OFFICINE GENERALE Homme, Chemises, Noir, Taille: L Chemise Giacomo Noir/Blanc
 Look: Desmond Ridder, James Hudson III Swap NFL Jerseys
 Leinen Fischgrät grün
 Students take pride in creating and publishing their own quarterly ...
################
_WORK TO BE COMPLETED_.
What is needed is an exact copy of the lines from the one containing "Leinen Fischgrät grün" through the final line of the data, both included, and nothing more.

_EXERCISE OUTPUT_.
 Leinen Fischgrät grün
 Students take pride in creating and publishing their own quarterly ...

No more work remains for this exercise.